___ SUPPLIED INFORMATION

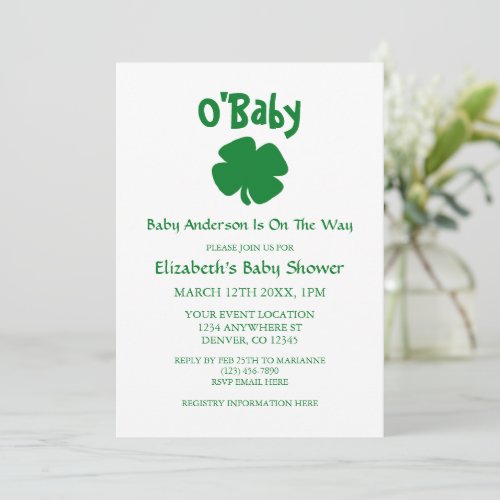 OBaby St Patricks Day Baby Shower Invitation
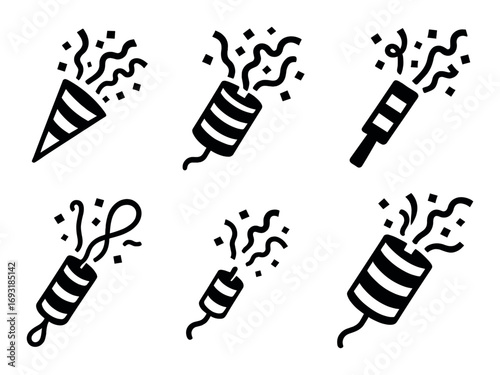 Celebration silhouette icon set. featuring confetti, popper, streamer, fireworks, and party symbols.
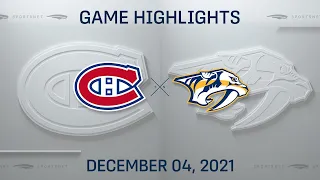 NHL Highlights | Canadiens vs. Predators - Dec 04, 2021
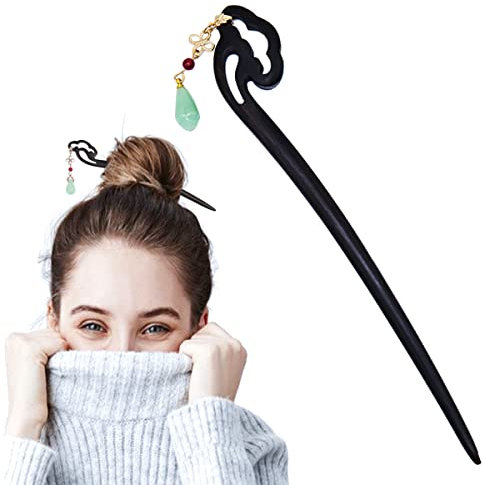 Japanese Chinese Wood Hair Chopstick for Women, Retro Hair Stick Pin with Jade, Japanese Chinese Hair Accessories for Long Hair, Hanfu Dressing Accessories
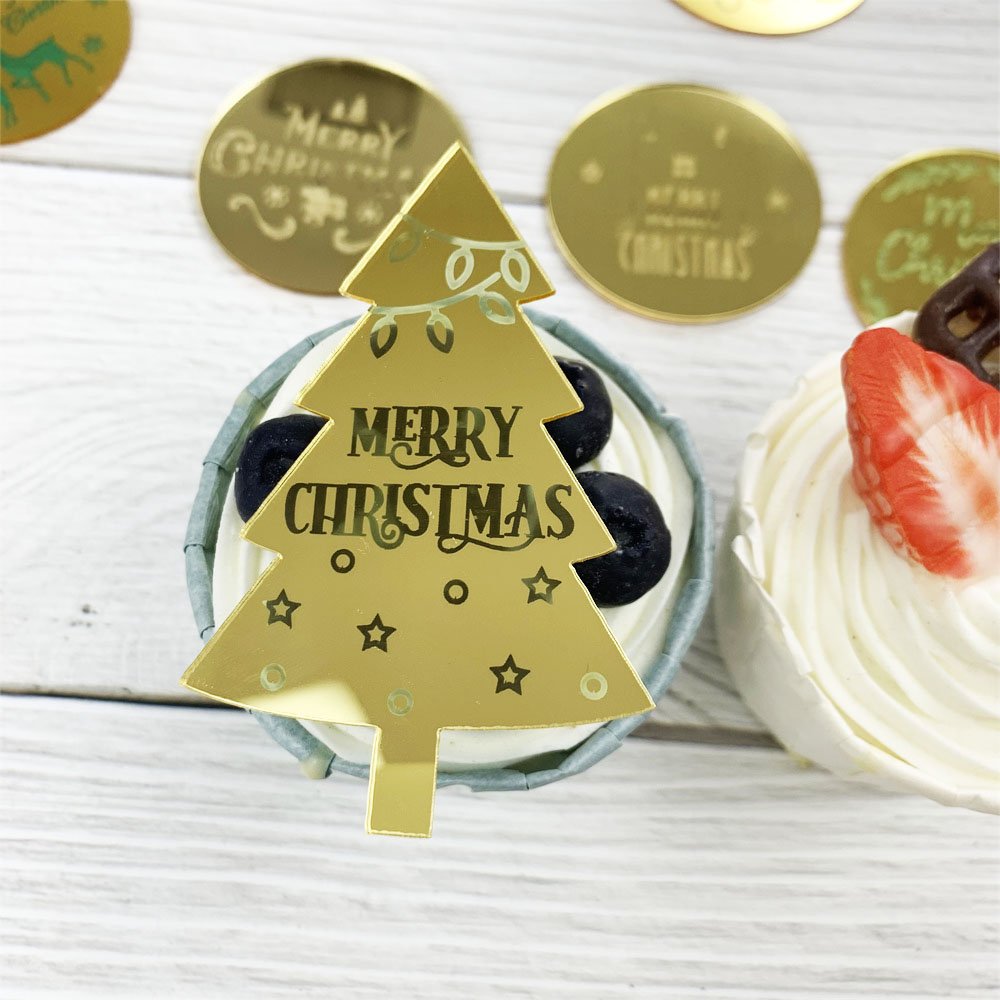 10Pcs 5cm Merry Christmas Side Cake Decorations New Year Cupcake Topper Gold Acrylic Cake Topper for Christmas Party Cake Decor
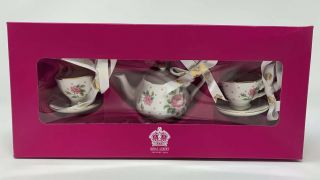 Royal Albert Cheeky Pink Mini Teapot With Teacup & Saucer Ornaments Box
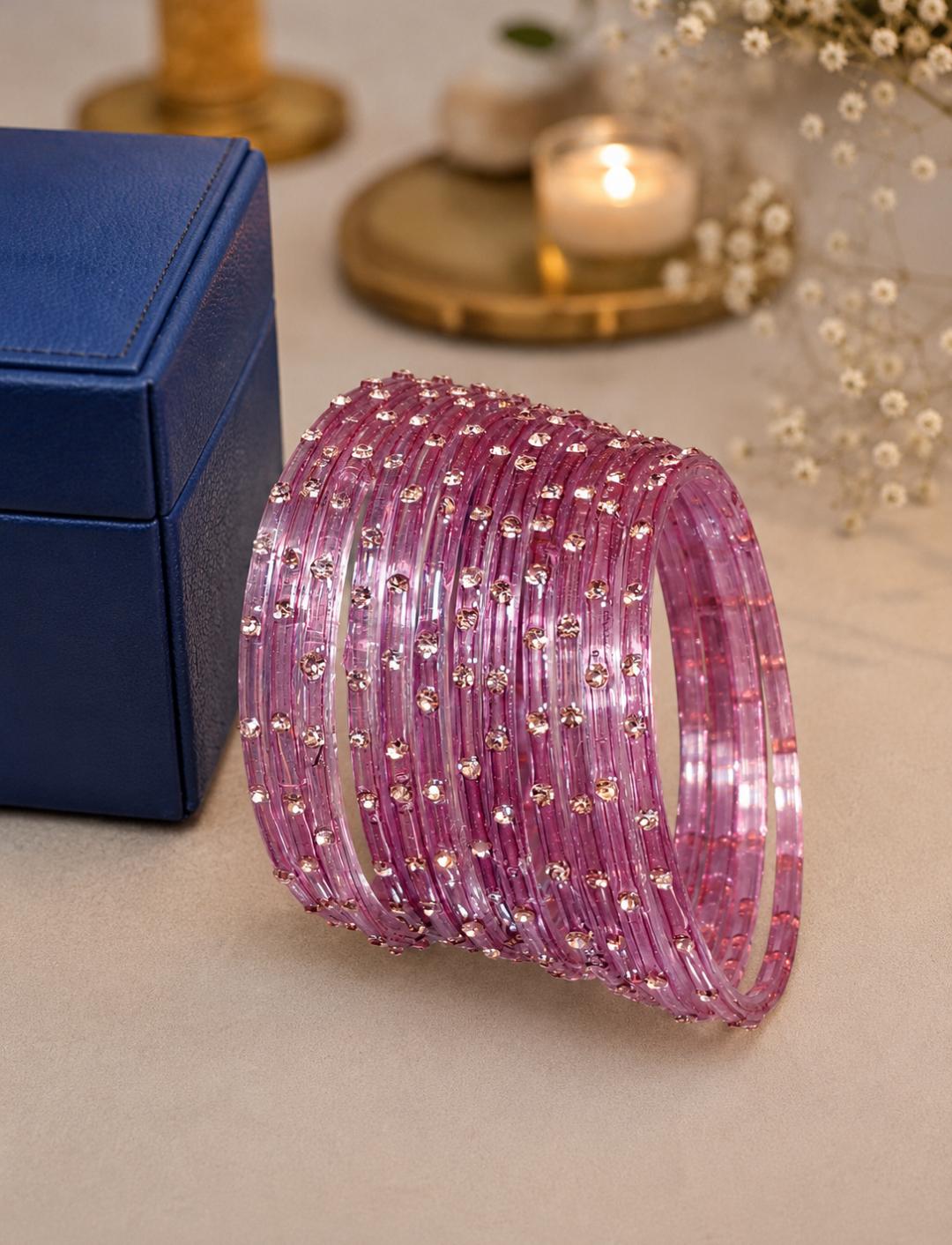 Single stone Glass Bangle (Set of 12)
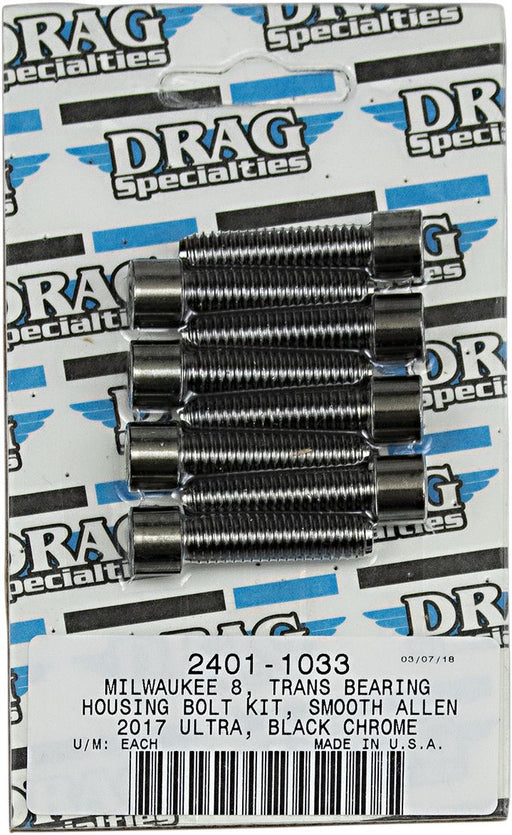 Drag Specialties Bolt Kit M8 Transmission Bearing Housing Smooth Socket Head Black - Part #24011033 - Hogparts UK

______

▶ **WHAT TO DO**: Starting with the line that holds "10Pcs 5cm Merry", retype each line through the last one in the listing above, exactly as written. Do not copy any pictures.

▶ **ANSWER FOR THIS EXERCISE**:
 10Pcs 5cm Merry Christmas Side Cake Decorations New Year Cupcake Topper Gold Acrylic Cake Topper for Christmas Party Cake Decor
 Royal Albert Cheeky Pink Mini Teapot With Teacup & Saucer Ornaments Box
 Single stone Glass Bangle (Set of 12)
 Drag Specialties Bolt Kit M8 Transmission Bearing Housing Smooth Socket Head Black - Part #24011033 - Hogparts UK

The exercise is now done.